L’impresa ha opposto difficoltà di varia natura ai consumatori, rispetto all’esercizio di alcuni diritti contrattuali. Ad esempio, come emerge dal procedimento, a fronte di un rilevante numero di transazioni concluse, spesso non ha consegnato i prodotti ordinati sui siti, non ha dato seguito a numerosi solleciti e richieste di adempimento e di rimborso dei consumatori, i quali raramente sono riusciti ad ottenere l’adempimento dell’obbligazione o il rimborso del prezzo pagato.
L’attività di vendita online sul sito www.shoprg.it è iniziata a maggio 2013 e da allora l’azienda ha ricevuto 4.767 ordini. Rispetto a questi 2.535 consumatori hanno ricevuto la merce richiesta e pagata mentre 1.573 acquirenti hanno richiesto l’annullamento e sono stati rimborsati, 525 ordini sono stati invece annullati per mancato pagamento da parte del cliente, 61 sono in lavorazione mentre per 73 i clienti hanno chiesto l’annullamento ed il relativo rimborso del pagamento che non è stato effettuato.

L’altro sito (www.crazybay.it) risulta attivo da maggio 2013 ed ha ricevuto 200 ordini. Rispetto a questi 77 consumatori hanno regolarmente ricevuto la merce richiesta mentre 27 acquirenti hanno richiesto
l’annullamento e sono stati rimborsati, 31 ordini sono stati invece annullati per mancato pagamento, 37 sono in lavorazione mentre per 28 i clienti hanno chiesto l’annullamento ed il relativo rimborso del pagamento che non è stato effettuato.
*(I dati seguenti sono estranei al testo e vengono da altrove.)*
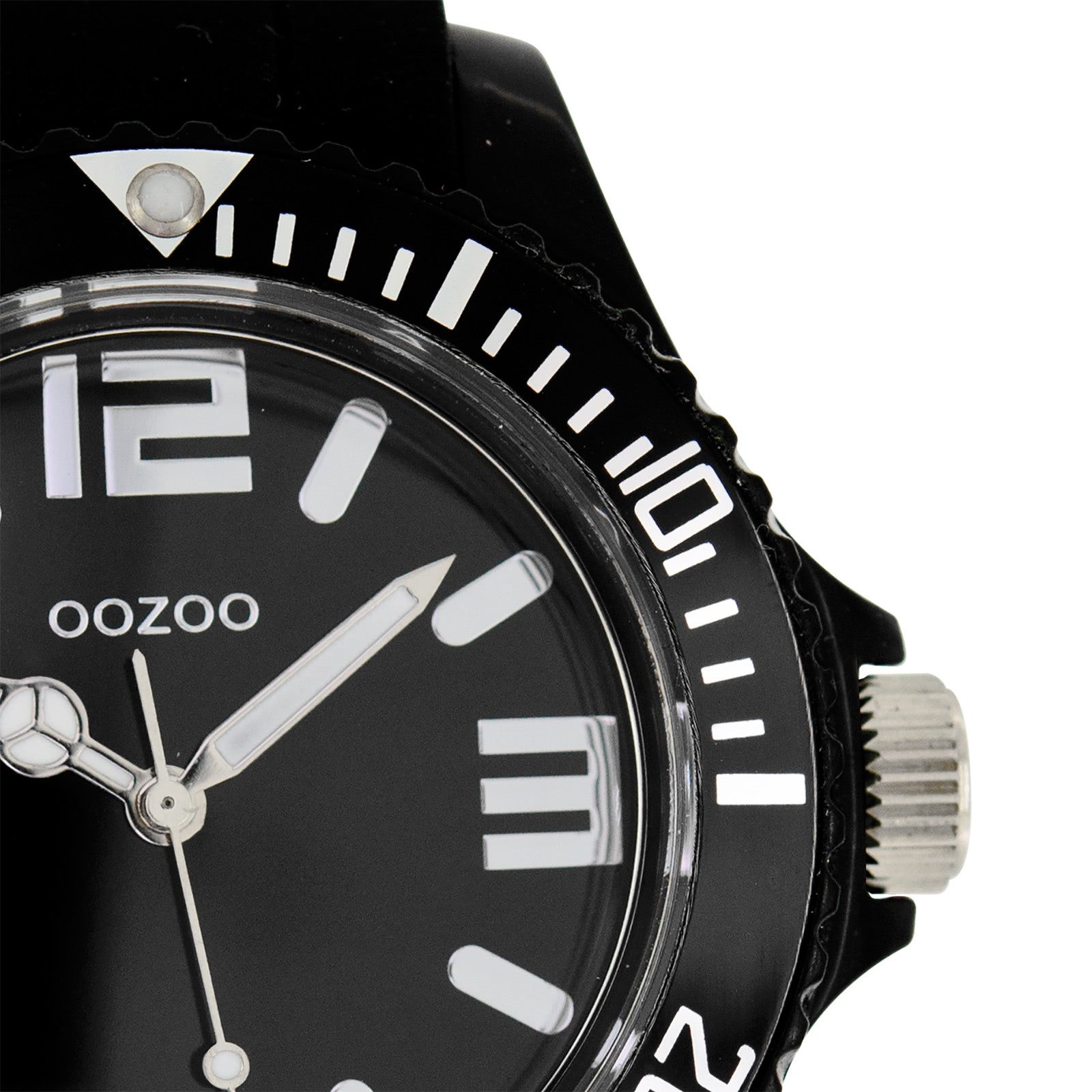 OOZOO Quarzuhr Oozoo Unisex Armbanduhr Vintage Series, (Analoguhr), Damen, Herrenuhr rund, groß (ca. 43mm) Silikonarmband schwarz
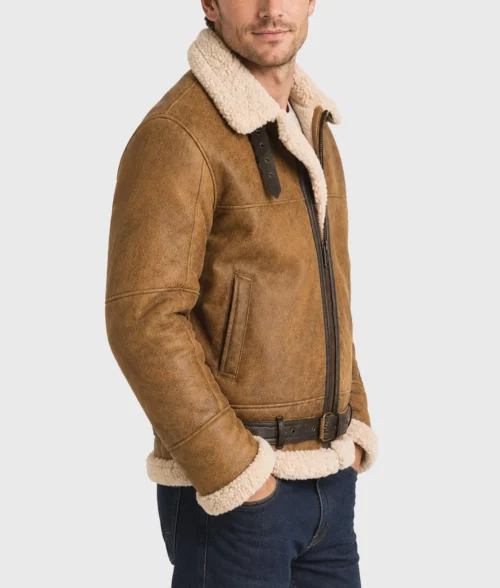 Men’s B3 Aviator Brown Leather Jacket - Side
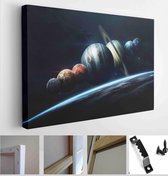 Earth, Mars, and others. Science fiction space wallpaper, incredibly beautiful planets of solar system - Modern Art Canvas - Horizontal - 647064397 - 50*40 Horizontal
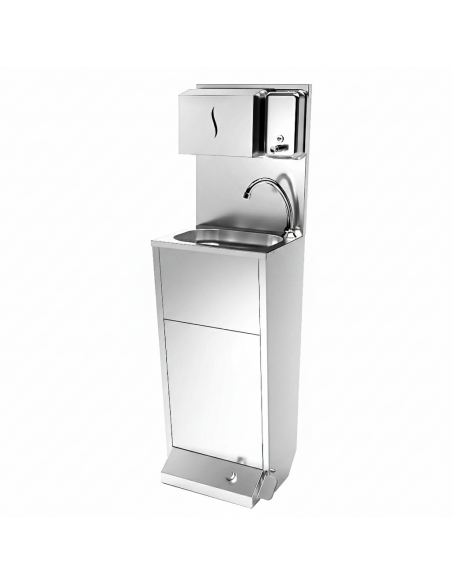 Commercial Stainless Steel Hand Wash Basin with Foot Pedal, Soap & Paper Towel Dispensers 430x385x1350mm | Stalwart
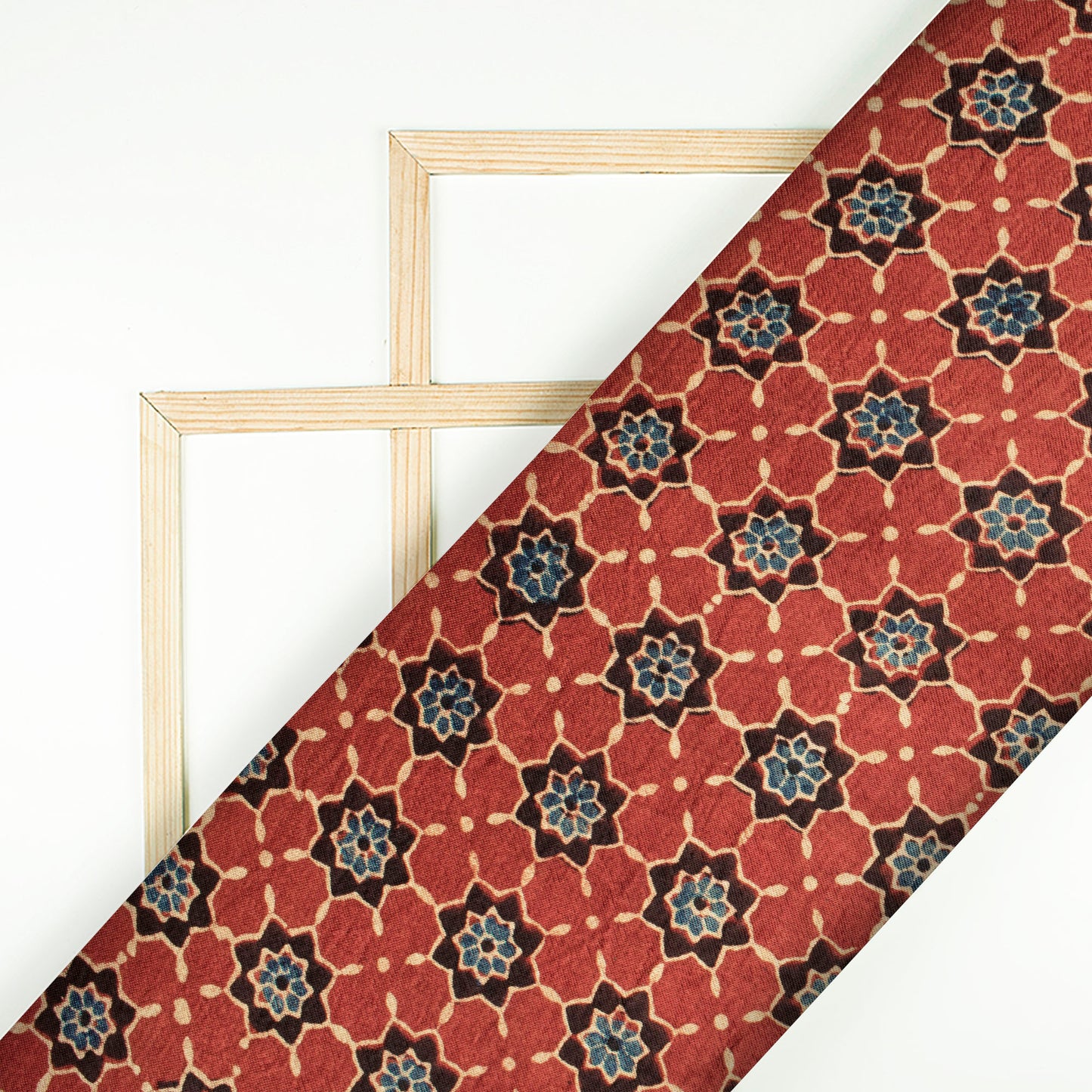 Red And Aegean Blue Floral Pattern Ajrakh Handblock Natural Dye Mashru Silk Fabric - Fabcurate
Le evidenze ricavate durante le ispezioni hanno confermato il contenuto delle segnalazioni arrivate all’Autorità, ovvero che il professionista propone in vendita, attraverso il propri siti web, alcuni prodotti indicati come disponibili, impegnandosi ad inviarli entro un determinato termine, mentre in realtà procede all’acquisto dei beni solo successivamente all’ordine del consumatore. Dalle segnalazioni risulta che, in molti casi, il professionista giustificava il ritardo nella consegna a generiche difficoltà, offrendo comunque garanzie sulla bontà della consegna dei prodotti ordinati e regolarmente pagati o mostrandosi disponibile alla restituzione del prezzo pagato, salvo poi non ottemperare a quanto promesso
circa la consegna e quindi la restituzione di quanto pagato.